§ **Records provided**:
::::

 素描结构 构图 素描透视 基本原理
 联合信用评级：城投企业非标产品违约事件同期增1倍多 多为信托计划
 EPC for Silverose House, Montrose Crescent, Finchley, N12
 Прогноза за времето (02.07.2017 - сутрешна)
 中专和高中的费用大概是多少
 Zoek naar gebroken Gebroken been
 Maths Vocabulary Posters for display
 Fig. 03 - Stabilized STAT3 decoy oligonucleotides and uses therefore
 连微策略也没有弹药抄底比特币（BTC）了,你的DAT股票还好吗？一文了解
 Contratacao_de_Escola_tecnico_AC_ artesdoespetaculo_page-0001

::::

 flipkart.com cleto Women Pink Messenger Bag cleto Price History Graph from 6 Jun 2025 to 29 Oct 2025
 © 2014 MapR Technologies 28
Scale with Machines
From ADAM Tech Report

::::

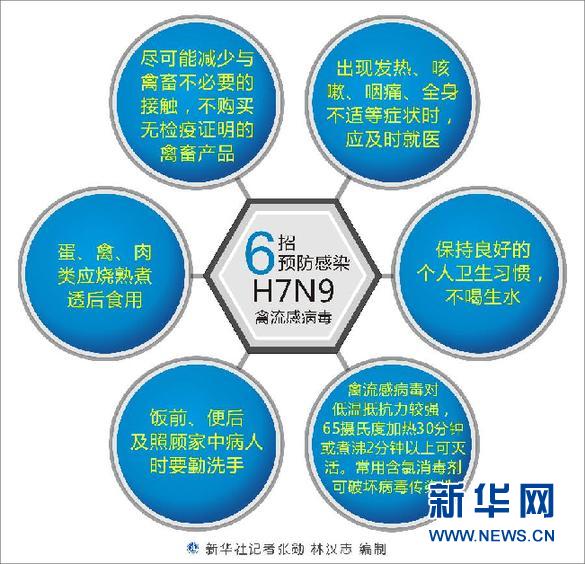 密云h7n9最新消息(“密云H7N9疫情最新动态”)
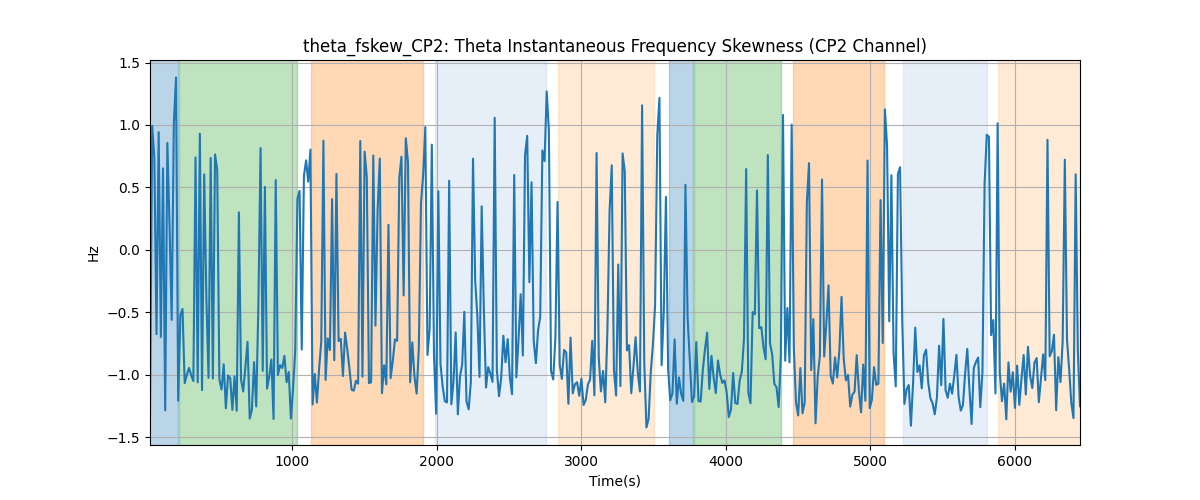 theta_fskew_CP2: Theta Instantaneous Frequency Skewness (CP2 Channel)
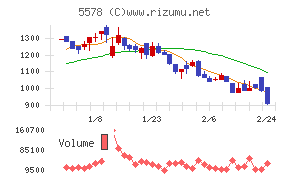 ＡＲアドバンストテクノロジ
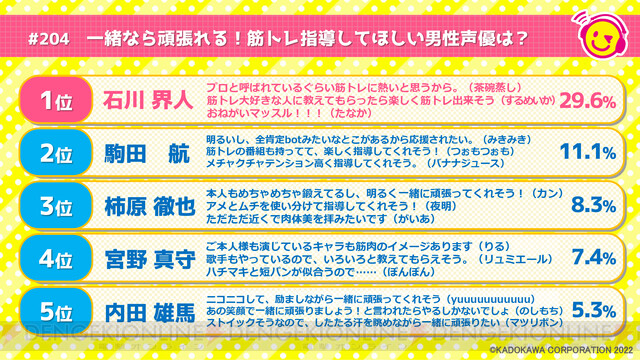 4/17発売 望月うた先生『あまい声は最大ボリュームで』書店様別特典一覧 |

::::

§ **Work request**:
Please copy, exactly as written, every line in the listing above from the line with "联合信用评级：城投企业非标产品违约事件同期增1倍多 多为信托计划" up to and including the line with "Contratacao_de_Escola_tecnico_AC_ artesdoespetaculo_page-0001".

§ **Answer**:
 联合信用评级：城投企业非标产品违约事件同期增1倍多 多为信托计划
 EPC for Silverose House, Montrose Crescent, Finchley, N12
 Прогноза за времето (02.07.2017 - сутрешна)
 中专和高中的费用大概是多少
 Zoek naar gebroken Gebroken been
 Maths Vocabulary Posters for display
 Fig. 03 - Stabilized STAT3 decoy oligonucleotides and uses therefore
 连微策略也没有弹药抄底比特币（BTC）了,你的DAT股票还好吗？一文了解
 Contratacao_de_Escola_tecnico_AC_ artesdoespetaculo_page-0001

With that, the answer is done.